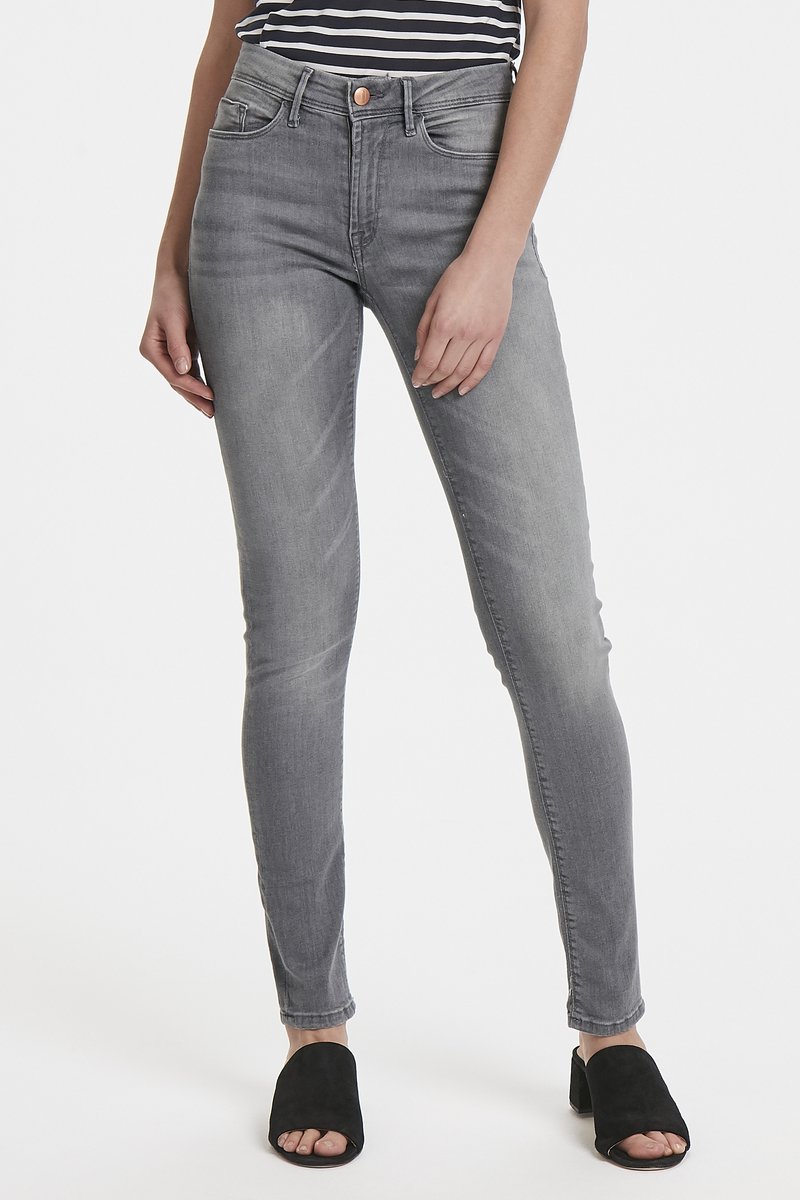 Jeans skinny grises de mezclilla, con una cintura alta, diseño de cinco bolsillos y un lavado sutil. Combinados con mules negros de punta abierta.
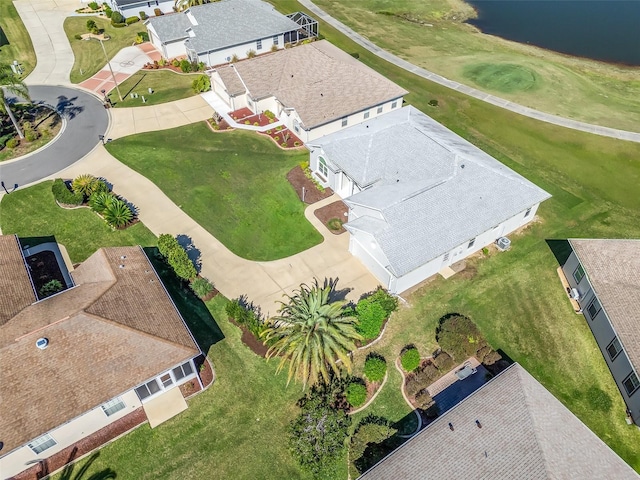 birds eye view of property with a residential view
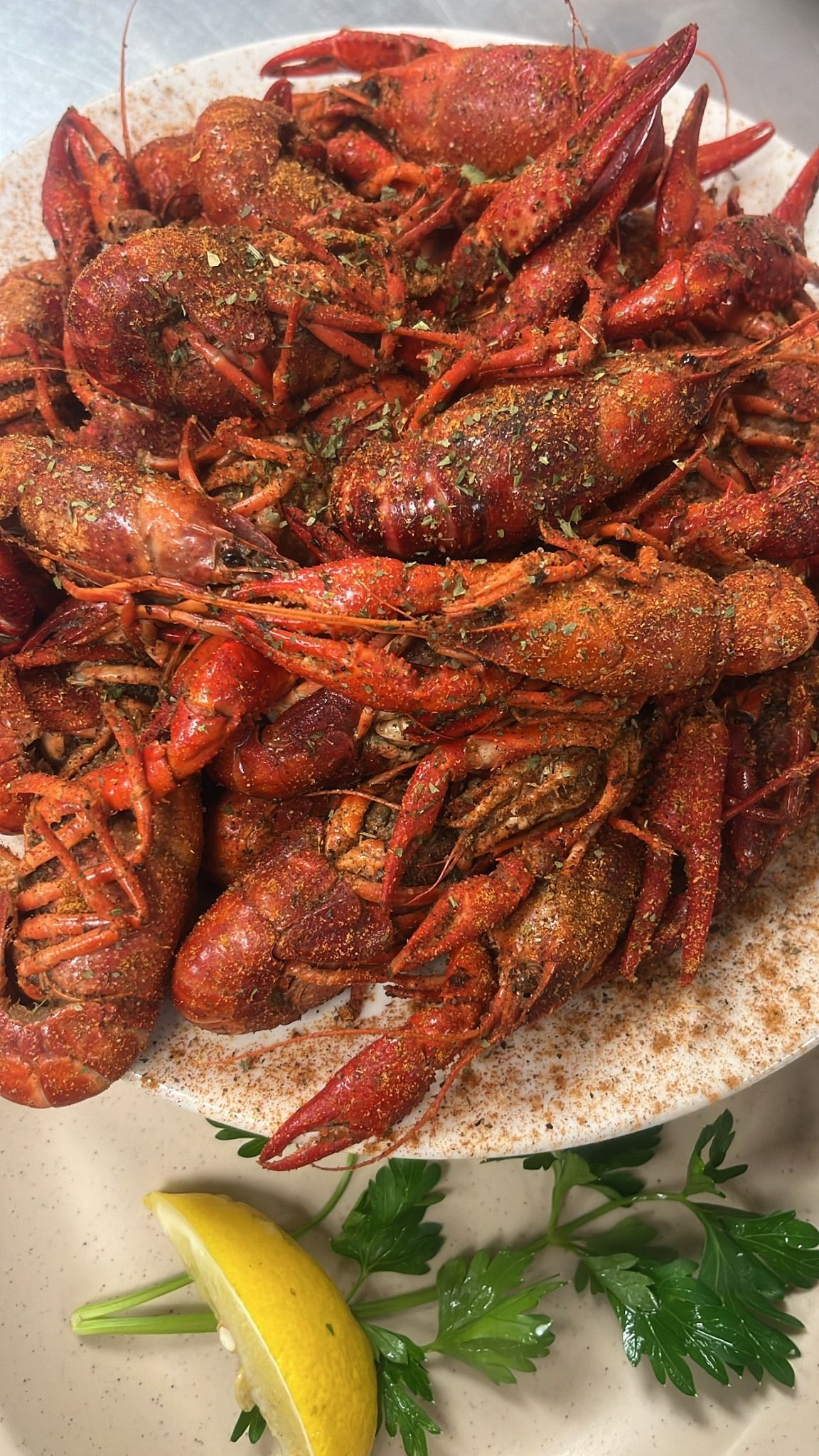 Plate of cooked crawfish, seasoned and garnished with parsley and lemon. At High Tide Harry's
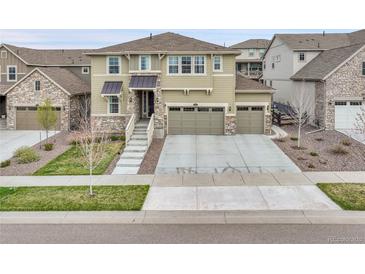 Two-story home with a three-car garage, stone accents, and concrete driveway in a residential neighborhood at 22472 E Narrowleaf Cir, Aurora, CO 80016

⁂

» DIRECTIONS FOR THIS TASK: Could you return the whole listing exactly, with every picture removed?

» ANSWER BELOW:
 Jeans skinny grises de mezclilla, con una cintura alta, diseño de cinco bolsillos y un lavado sutil. Combinados con mules negros de punta abierta.
 birds eye view of property with a residential view
 Plate of cooked crawfish, seasoned and garnished with parsley and lemon. At High Tide Harry's
 Two-story home with a three-car garage, stone accents, and concrete driveway in a residential neighborhood at 22472 E Narrowleaf Cir, Aurora, CO 80016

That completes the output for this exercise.